There was interest from bidders in Europe and South America but less so from some areas of the world, like potential Mexican buyers and sovereign wealth funds in the Arab world, says Weimer. “Some couldn’t care less, some were offended by him, and some like the idea.” (There were no Russian bidders, he insists.)
In addition, the deal was complicated since it’s a mixed-use development with multiple owners and the city’s hotel market has weakened in recent years, says Weimer. He says that Eric Trump was the point person on the deal for the Trump Organization, which approved the deal and performed due diligence on the buyer to answer questions like: “Do they have the experience?

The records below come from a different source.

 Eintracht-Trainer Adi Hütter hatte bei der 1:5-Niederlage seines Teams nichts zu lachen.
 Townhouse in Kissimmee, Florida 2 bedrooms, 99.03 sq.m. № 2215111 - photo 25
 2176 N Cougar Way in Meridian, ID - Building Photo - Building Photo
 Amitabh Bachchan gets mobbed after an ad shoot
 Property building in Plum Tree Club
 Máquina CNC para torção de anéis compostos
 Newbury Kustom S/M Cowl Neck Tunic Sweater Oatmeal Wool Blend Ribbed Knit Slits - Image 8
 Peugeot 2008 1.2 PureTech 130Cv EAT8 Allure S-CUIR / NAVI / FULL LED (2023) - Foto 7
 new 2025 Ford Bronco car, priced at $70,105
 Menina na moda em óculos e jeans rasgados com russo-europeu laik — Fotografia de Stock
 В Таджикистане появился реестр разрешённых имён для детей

Is the money from legitimate sources and not from money laundering?”
The Ocean Club, a 70-story tower in the shape of a sailboat that dominates the skyline of Panama City, was opened in July 2011 at a lavish ceremony attended by Trump, his sons, and then-Panamanian president Ricardo Martinelli. It quickly became the Trump Organization’s biggest individual source of branding fees, reportedly earning Trump at least $50 million. In addition to the licensing deal, the Trump Hotel Collection runs the resort’s hotel. (Weimer was skeptical of those numbers, saying that they seemed too high. “They get a percent of the total revenue,” he noted, adding that “they get maybe about a million [a year].”)
Since the Ocean Club’s opening, the world has turned upside down—Trump was elected U.S. president and handed over the reins of his empire to his sons, Eric and Don Jr.; Martinelli left the country facing multiple corruption charges and now sits in jail in Florida and is trying to fight off an extradition request from the current president of Panama; and the Ocean Club’s developer filed for bankruptcy in 2013 amid lackluster sales.
By 2015, the condo owners voted to fire the Trump management team, citing “more than $2 million in unauthorized debts, paying its executives undisclosed bonuses, and withholding basic financial information from owners,” reported the Associated Press. Trump, in turn, went to arbitration court to demand up to $75 million from condo owners, asserting that his management team had been wrongfully fired. (The Washington Post reported in January that the dispute had ended in a confidential settlement.) Trump’s team is still managing the hotel portion of the Ocean Club under a 40-year contract.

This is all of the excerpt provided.